W obszernym artykule o pani prezydentowej "Przekrój" pisze, że chce ona promować Polskę w świecie i eliminować fałszywe stereotypy, dotyczące naszego kraju. Zdaniem dziennikarzy, Maria Kaczyńska lepiej niż mąż pełni funkcje reprezentacyjne i doskonale sprawdza się tam, gdzie obecność prezydenta nie jest konieczna. W lutym uczestniczyła w pogrzebie byłego prezydenta Niemiec Johannesa Raua, w marcu uczestniczyła w zaprzysiężeniu nowego prezydenta Chile, w kwietniu otworzyła polską ambasadę w Luksemburgu.
Maria Kaczyńska nie rezygnuje jednak z działalności charytatywnej. Zaangażowała się w pomoc dla ludzi dotkniętych ciężką chorobą skóry, pęcherzycą, pomogła też ocalić przed likwidacją dom opieki Sue Ryder w Konstancinie i szpital dziecięcy w Rabce. Jednak przede wszystkim wspiera inicjatywę wiceminister pracy Joanny Kluzik-Rostkowskiej, by dzieci mieszkające w domach dziecka znajdowały miejsca w rodzinach zastępczych i adopcyjnych.
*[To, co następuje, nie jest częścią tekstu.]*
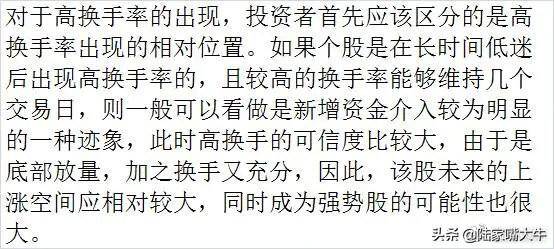 按换手率买股票并不难搞懂这8点就够了换手率选强势股步骤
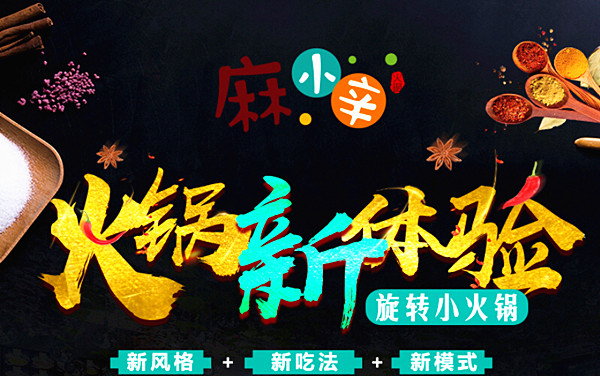 麻小辛旋转火锅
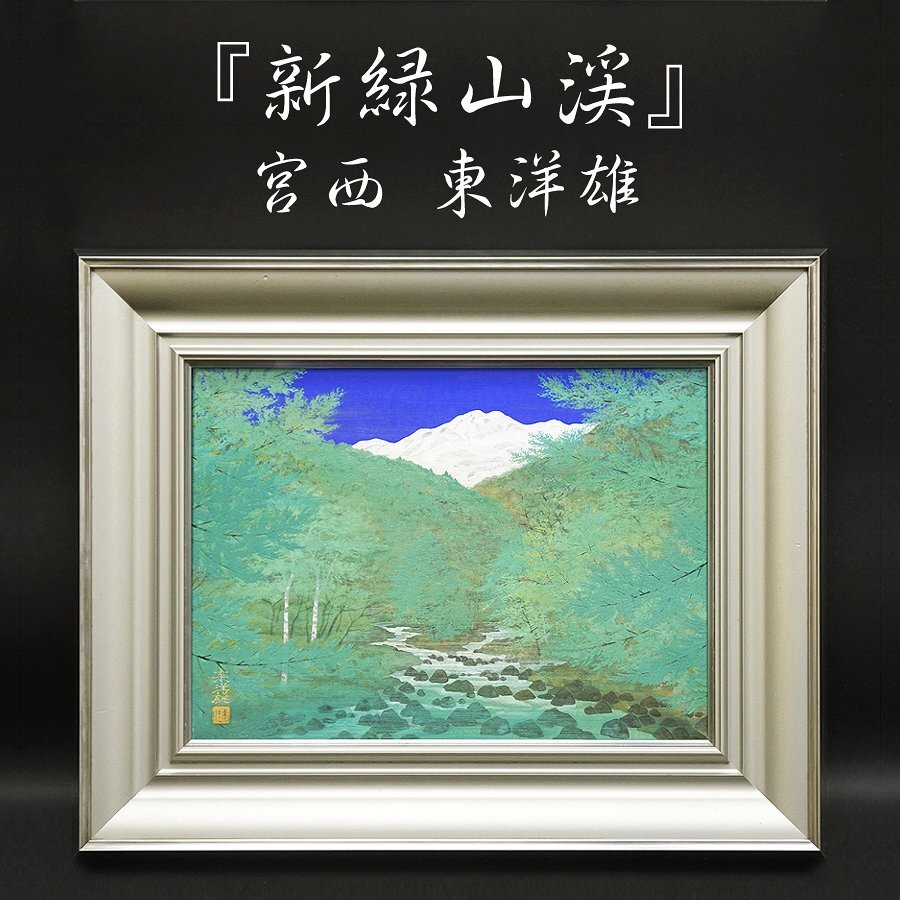 昭和レトロ 八千代作 水彩画 自然 風景画 山 額入り 額装 絵画 絵 飾り 昭和レトロ 八千代作 水彩画 自然 風景画 山 額入り 額装 絵画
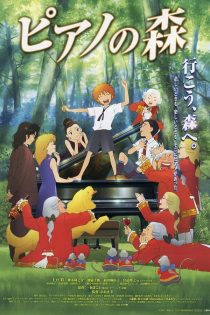 دانلود دوبله فارسی فیلم The Perfect World of Kai 2007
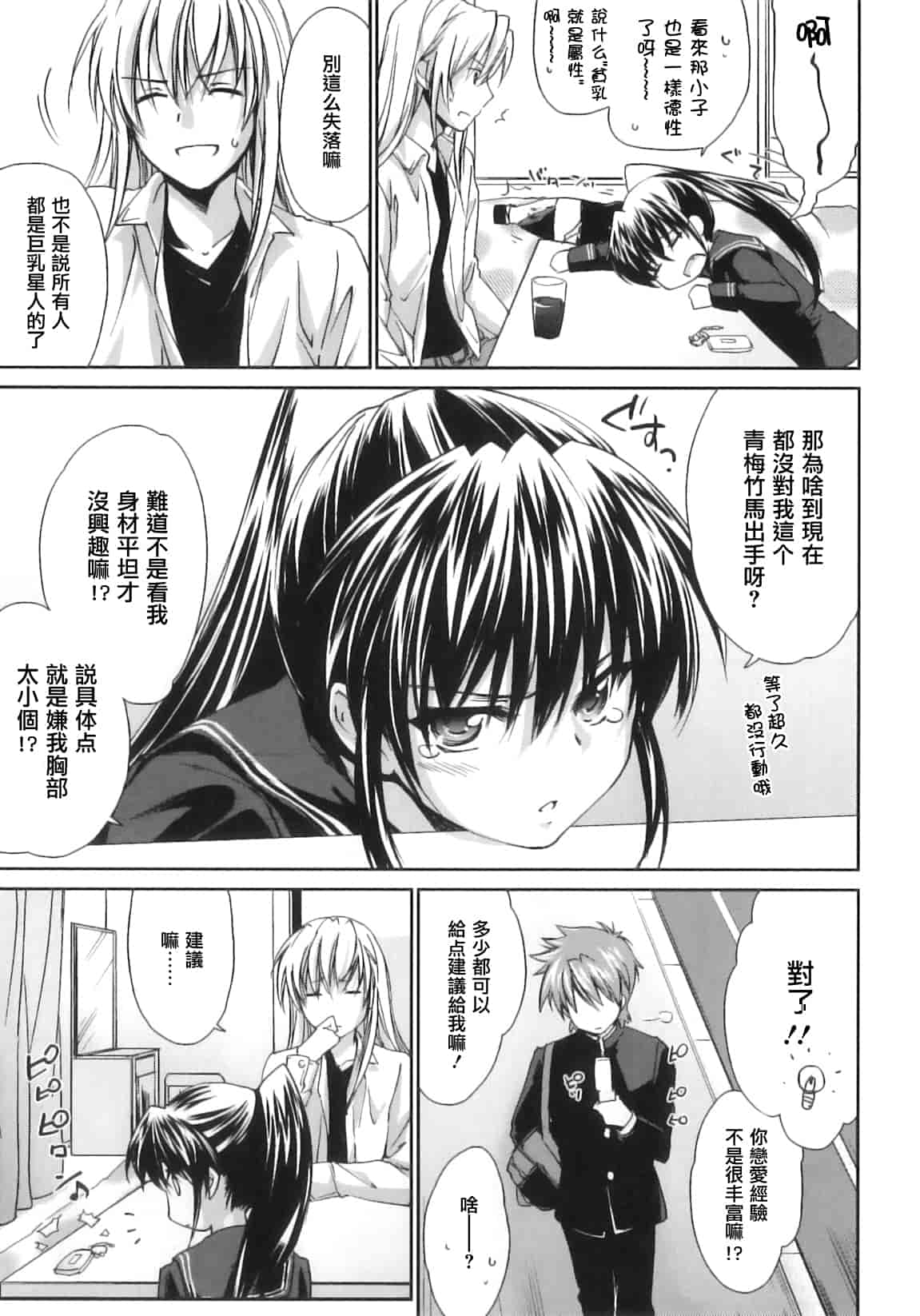 汉化版-[結城焔] ぴぴる魔っ！_第3集
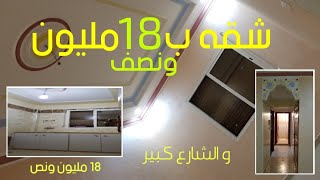 شقه ب 18 مليون ونصف  على الشارع قرب السوق بمرجان بالطابق الاول للسكن او العمل  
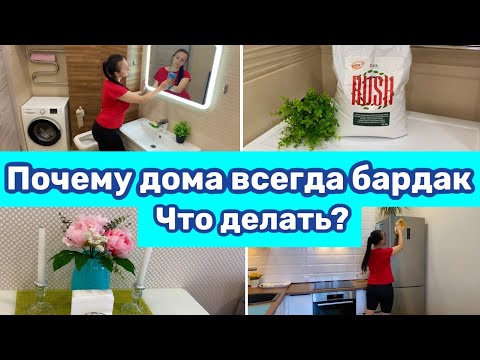 Видео: Почему дома всегда беспорядок / Как поддерживать порядок в доме / Что я делаю для порядка!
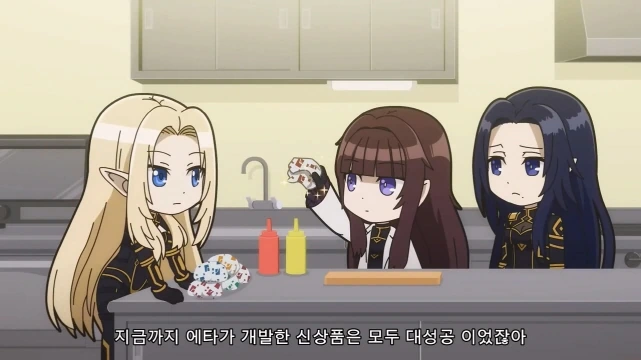 [어둠의실력자]신작 버거를 개발하다 - 이미지 2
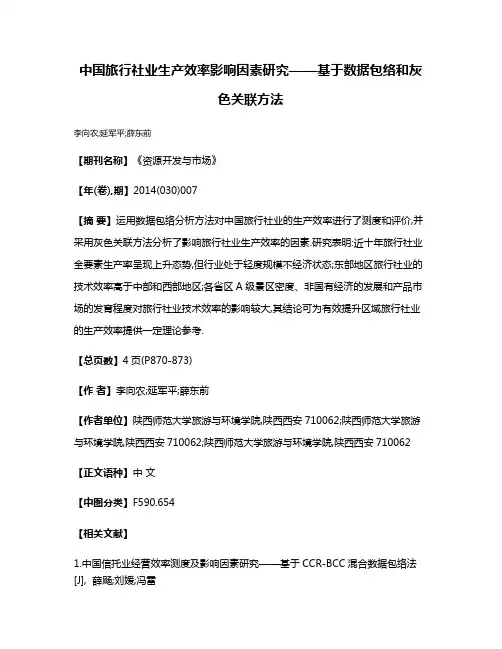 中国旅行社业生产效率影响因素研究——基于数据包络和灰色关联方法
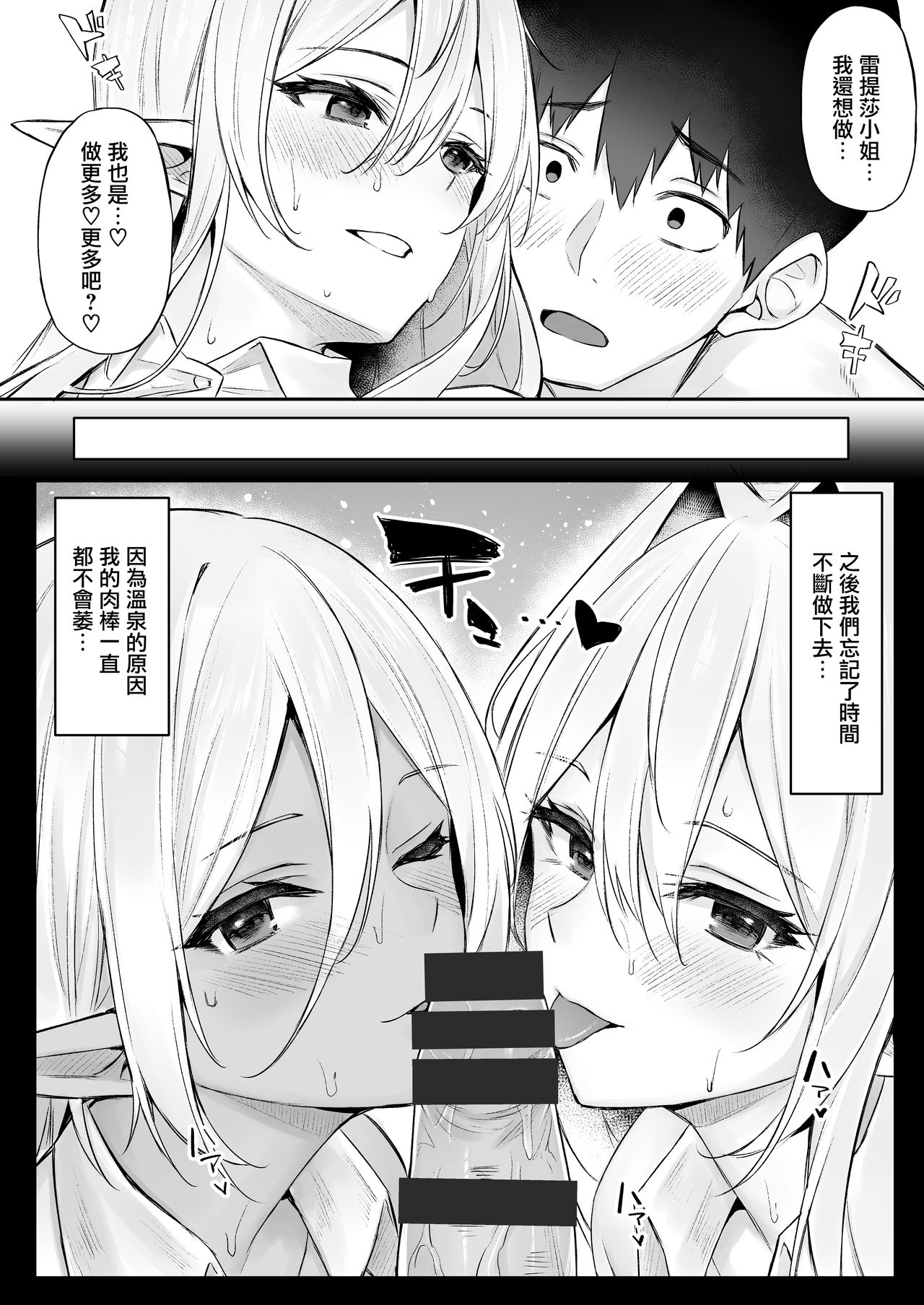 [日本漫画] [Dekoboko Hurricane (Anza Yuu)] Isekai Shoukan III Elf na Onee-san-tachi wa Suki desu ka?  单本,妖精,巨乳大奶,单男,群P,暗黑皮肤#[43P]-32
"Przekrój" pisze też o życiu prywatnym Pierwszej Damy. Lubi muzykę klasyczną, gra na fortepianie, bywa w operze i filharmonii. Nadal chodzi na zakupy, choć w towarzystwie oficerów BOR. Według tygodnika, prezydent całkowicie zdaje się na nią w tej dziedzinie i przekazuje jej prawie wszystkie pieniądze.